As you can probably guess, an omega male is the exact opposite of an alpha male. Whereas alphas are natural-born leaders who tend to be extroverted and domineering, omegas are extreme introverts who tend to stick to themselves and make their own rules. In theory, this should be a good thing. It means that he’s self-assured, independent, and very headstrong. However, the qualities that omega males tend to love about themselves are the same ones that make them pretty terrible partners, as I was soon to find out.
Why dating one sucked so much
- He was extremely antisocial. The thing with omega males is that they’re very solitary creatures. They find comfort in their own company to a disturbing degree. Everyone should feel okay in their own skin, but my ex preferred his own company over that of anyone else’s. Because of this, he basically refused to meet my friends because it required leaving the house and talking to other people. He also never wanted to go out on actual dates all that often because there were “too many people around.”

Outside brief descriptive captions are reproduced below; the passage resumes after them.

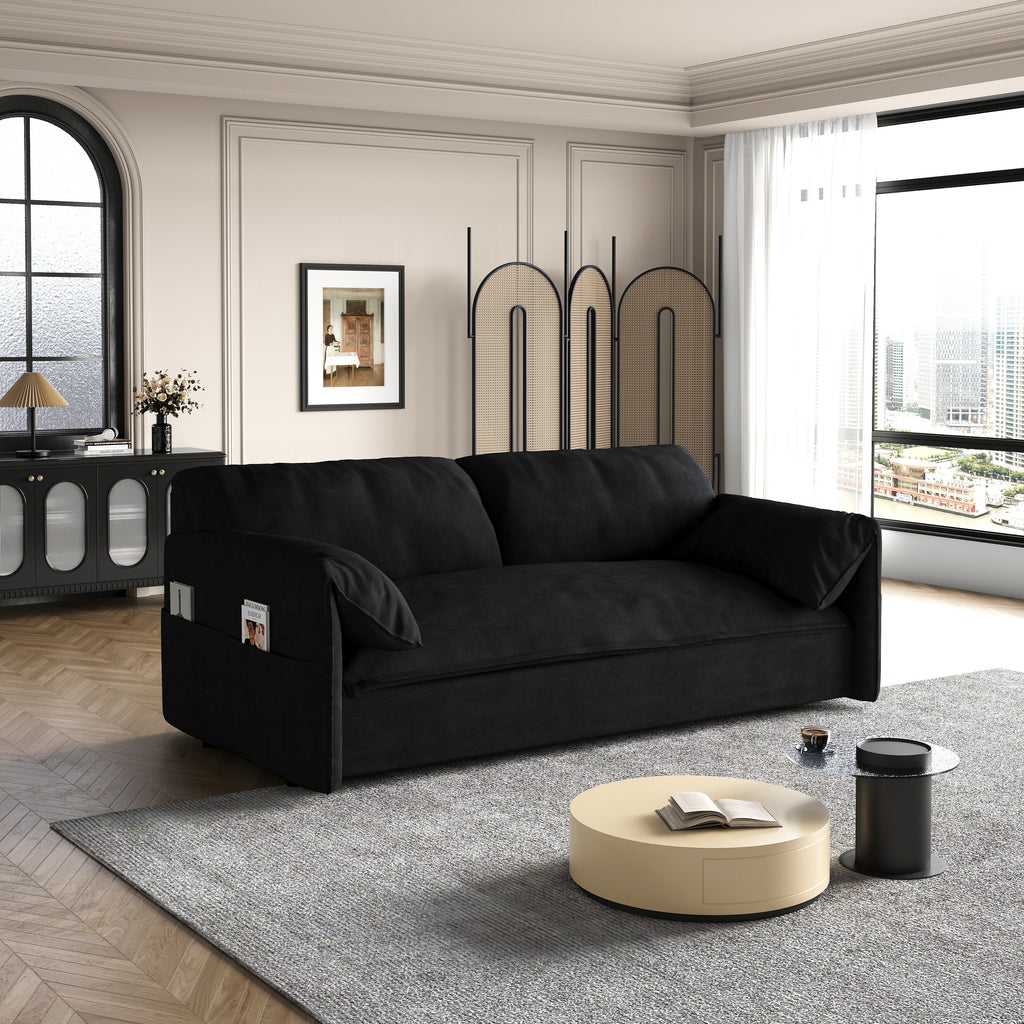 Schwarzes 63,8 cm langes 3-in-1-Samtsofa mit Ausziehfunktion und seitlichem Stauraum für das Wohnzimmer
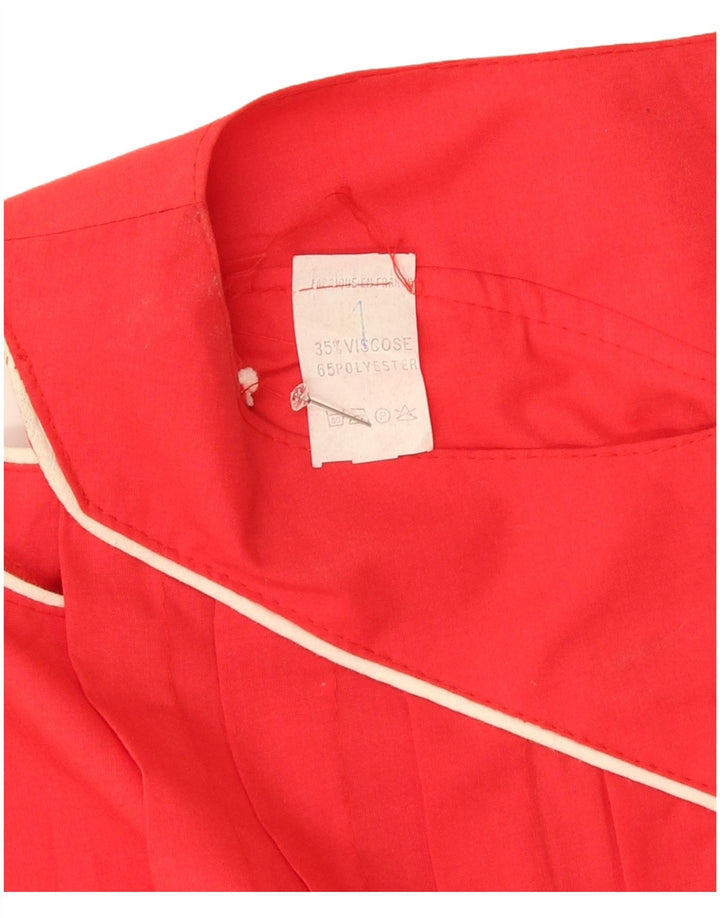 Abito vintage da donna con spalle scoperte UK 14 Viscosa rossa media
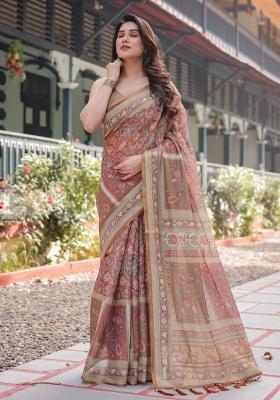 Rust Printed Cotton Saree Set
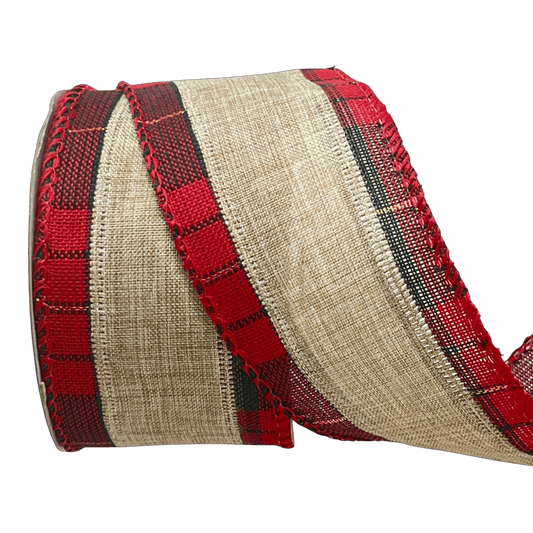 (28748) Liston navideño Yute Escoces 6 cm x 9m Rojo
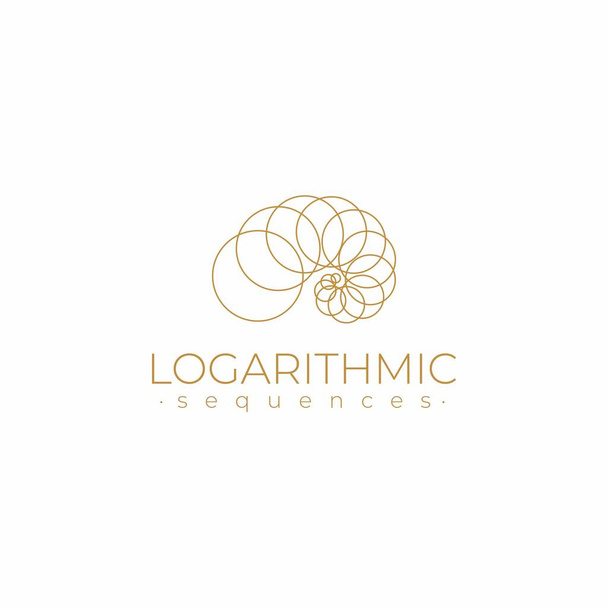 Sacred geometry logo template. Logarithmic sequences. Fibonacci spiral logo design. Golden ratio. Flower of life. Divine proportion - Vector, Image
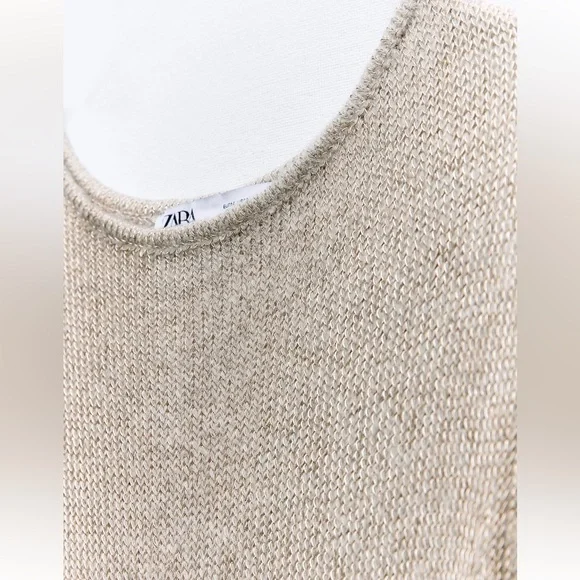 ZARA METALLIC THREAD KNIT MAXI DRESS - Picture 8 of 10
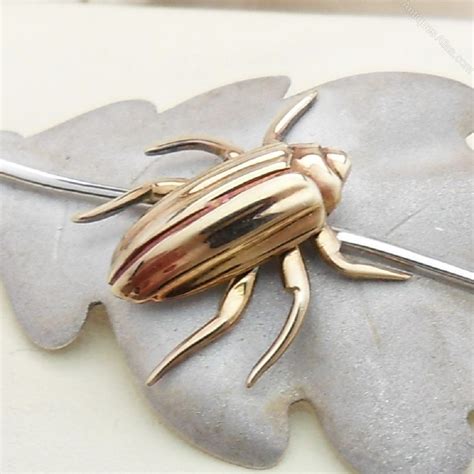 Antiques Atlas Vintage 18ct Beetle Brooch By Swiss Jeweller Alopa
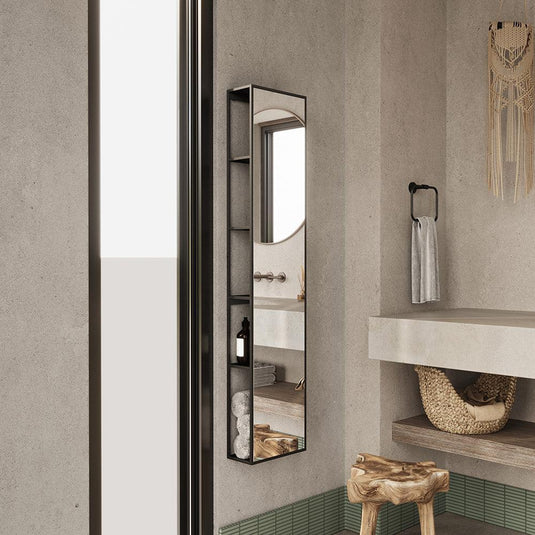 Origins Dockside Mirror With Open Shelving 140 - Black - Envy Bathrooms Ltd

- He was emotionally distant and liked it that way. He’d been on his own for a very long time when we met, meaning that he never really shared a deep emotional connection with another person, let alone a woman. He’d tell me he liked me, but it was always a lukewarm admission and I never really felt like he meant it. He wasn’t interested in having conversations about what was going on in his head or heart (or mine). He clearly preferred to keep things surface-level.
- He had major trust issues. An omega male tends to have serious trust issues, as I found out, largely because he lacks many exterior relationships. Guys like this don’t develop strong bonds with other people, meaning don’t place their trust in anyone else. They assume that they’re the only ones who have their own back and get paranoid very easily. It’s like they think everyone is out to get them all the time.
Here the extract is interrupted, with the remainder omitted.